日本版の「ライドシェア」が4月8日スタートした。東京や横浜などの大都市や、京都などの観光地で、「タクシー不足が顕著」なエリアで実施されるもので、タクシー会社の管理のもと、一般のドライバーが自家用車等で有料で運行するサービスになる。

海外で普及した「ライドシェア」の多くは、Uberなどのアプリ/プラットフォーム側が車両と乗客のマッチングや管理を担うが、日本型ライドシェアでは、運行管理をタクシー会社が担う形となる。日本型ライドシェアのポイントや今後の展開について見ていこう。

日本型ライドシェアとは

日本型ライドシェアの特徴は、タクシー会社が運行を管理すること。ドライバーの教育や勤務管理などもタクシー会社が担当する。米国などではプラットフォーム側が運転手の管理を担う形だが、各国の制度が異なっており、様々な形の“ライドシェア”が存在する。日本ではタクシー会社管理の延長にあるため、実質的にはタクシーの規制緩和とも言える。また、運行エリアや時間帯も限定されている。

日本型ライドシェアを利用するには、GOやUber、S.RIDE、DiDiなどのアプリを利用。各アプリに「ライドシェア」の項目が追加される形になる。利用料金はキャッシュレス、運賃もタクシーと同じ基準で、事前確定運賃となる(事前に確定した状態で車両が到着する)。

GOアプリの例
S.RIDEではライドシェアを[含む][含まない]を選択できる

また、使用する車両も、タクシー会社による車両の場合もあるが、ドライバーの自家用車も利用可能だ。8日に東京ハイヤー・タクシー協会が開催した出発式でも自家用車を使っていた。

エリアや時間を細かく設定

今回の「日本型ライドシェア」では、タクシー事業者の管理の下で地域の自家用車や一般ドライバーによって有償で運送サービスを提供可能となる(自家用車活用事業)。

ただし、エリアを限定した形での適用となり、まずは特別区・武三(東京23区+武蔵野市、三鷹市)と、京浜(横浜市、川崎市、横須賀市)、名古屋(名古屋市、瀬戸市、日進市)、京都市域(京都市、宇治市、長岡京市)の4地域が定められている。4月8日からは東京でスタートした。

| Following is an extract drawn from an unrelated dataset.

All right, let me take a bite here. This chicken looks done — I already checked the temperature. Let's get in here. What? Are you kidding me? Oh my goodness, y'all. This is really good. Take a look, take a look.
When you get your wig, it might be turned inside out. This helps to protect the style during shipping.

また、曜日や時間帯も細かく定められており、東京(特別区・武三)と京都は平日も土日も対象だが、京浜は金土日のみ、名古屋は金・土のみとなる。時間帯も東京は月~金で7時台~10時台、金土が16時台~19時台、土0時台~4時台、日曜日が10時台~13時台などかなり詳細に設定されている。名古屋においては、金曜日の16時~19時、土曜日の0~3時などかなり短時間のライドシェア対応となる。

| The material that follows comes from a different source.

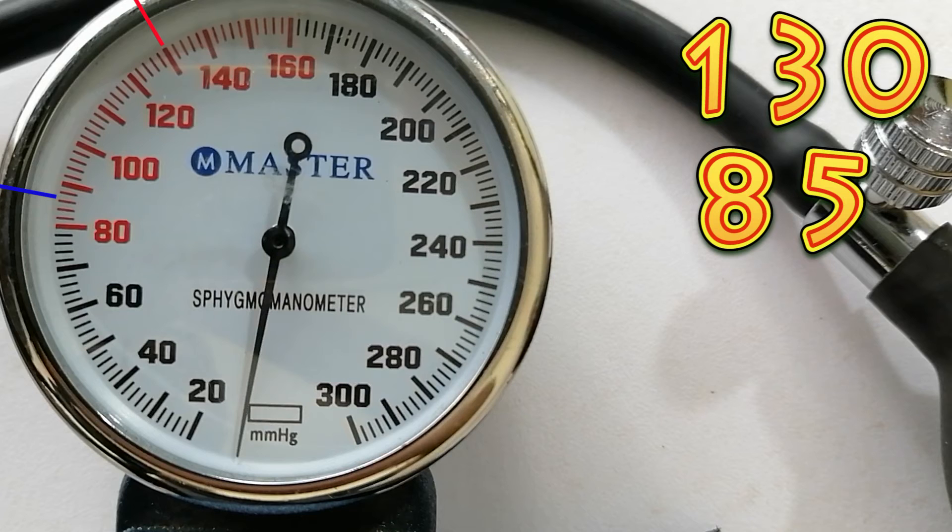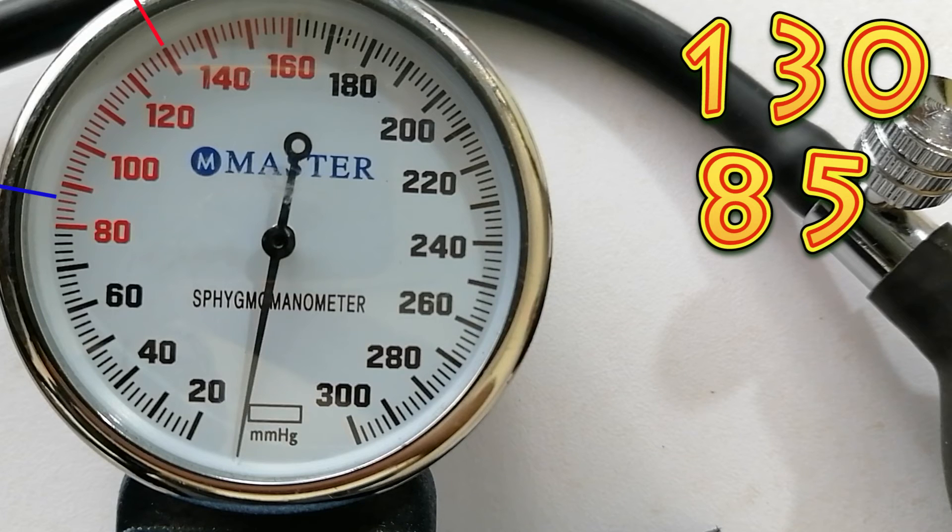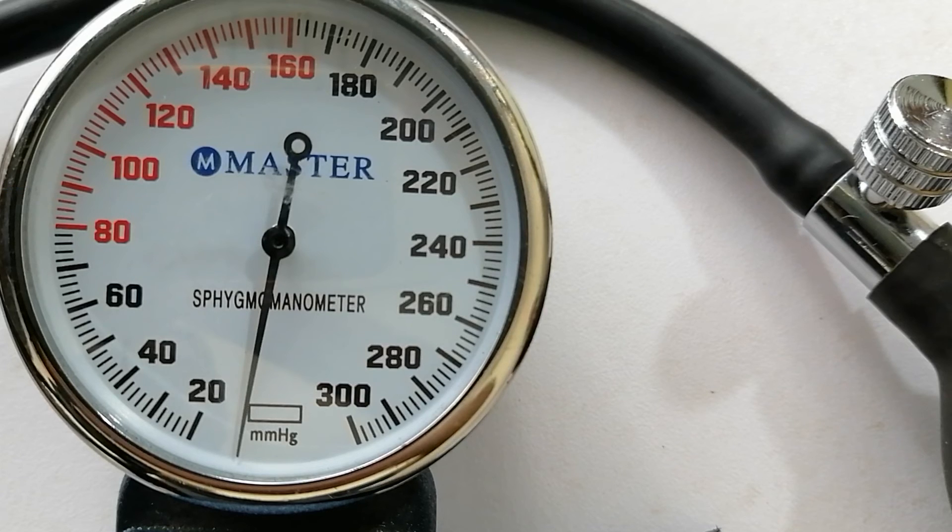The first time we heard a throbbing sound was at 130, so our systolic blood pressure is 130. The last time we heard a throbbing sound was at 85, so our diastolic blood pressure is 85. We tried to explain this to you in a very simple way.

あくまで、タクシーが足りない曜日・時間に限定して、解禁されるのが今回の日本型ライドシェアとなる。

8日の出発式で紹介されたライドシェアの活用イメージ

ライドシェアの第一歩 タクシー事業者以外の参入も議論

今後の拡大も見込まれる。タクシー事業者に実施意向のある地域で順次実施し、現在、札幌交通圏、仙台市、県南中央交通圏(埼玉)、千葉交通圏、大阪市域交通圏、神戸市域交通圏、広島交通圏、福岡交通圏でスタートする見込み。4月中に不足車両数を公表し、5月以降順次実施する。

今回スタートする日本型ライドシェアは、タクシー会社が管理するため、米国におけるUberなどの例とは異なる仕組みだ。時間やエリアの制限も多い。しかし、ドライバー不足という課題に対する一歩とはなるだろう。また、今回の日本型ライドシェアの実施効果を確認しながら、タクシー事業者以外の者がライドシェア事業を実施する法制度についても、6月に向けて議論が進められる予定だ。